**Raw data**
'''

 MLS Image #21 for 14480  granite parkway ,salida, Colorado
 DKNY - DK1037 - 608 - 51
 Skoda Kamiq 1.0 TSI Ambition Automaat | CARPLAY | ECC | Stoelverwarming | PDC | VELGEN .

'''
'''

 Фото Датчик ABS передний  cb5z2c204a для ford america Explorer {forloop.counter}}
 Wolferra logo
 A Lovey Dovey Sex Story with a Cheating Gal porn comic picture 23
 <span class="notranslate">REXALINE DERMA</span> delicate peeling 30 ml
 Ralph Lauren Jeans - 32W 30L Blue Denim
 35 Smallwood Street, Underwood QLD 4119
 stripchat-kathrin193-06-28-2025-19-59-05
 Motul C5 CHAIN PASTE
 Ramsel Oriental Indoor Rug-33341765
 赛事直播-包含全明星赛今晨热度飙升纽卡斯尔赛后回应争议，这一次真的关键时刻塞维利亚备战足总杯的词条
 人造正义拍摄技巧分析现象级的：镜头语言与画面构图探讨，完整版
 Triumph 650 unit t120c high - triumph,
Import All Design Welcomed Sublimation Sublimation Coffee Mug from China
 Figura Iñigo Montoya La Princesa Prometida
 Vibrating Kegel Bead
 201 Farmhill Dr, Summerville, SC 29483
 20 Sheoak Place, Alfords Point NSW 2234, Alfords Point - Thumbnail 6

'''
'''

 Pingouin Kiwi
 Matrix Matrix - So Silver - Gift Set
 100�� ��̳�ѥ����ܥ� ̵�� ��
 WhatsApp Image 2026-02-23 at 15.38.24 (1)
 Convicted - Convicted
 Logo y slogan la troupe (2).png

'''

**Task goal**
Your answer must be the lines above from the one containing "Motul C5 CHAIN PASTE" to the one containing "20 Sheoak Place, Alfords", both included, restated word for word.

**Response for this exercise**
 Motul C5 CHAIN PASTE
 Ramsel Oriental Indoor Rug-33341765
 赛事直播-包含全明星赛今晨热度飙升纽卡斯尔赛后回应争议，这一次真的关键时刻塞维利亚备战足总杯的词条
 人造正义拍摄技巧分析现象级的：镜头语言与画面构图探讨，完整版
 Triumph 650 unit t120c high - triumph,
Import All Design Welcomed Sublimation Sublimation Coffee Mug from China
 Figura Iñigo Montoya La Princesa Prometida
 Vibrating Kegel Bead
 201 Farmhill Dr, Summerville, SC 29483
 20 Sheoak Place, Alfords Point NSW 2234, Alfords Point - Thumbnail 6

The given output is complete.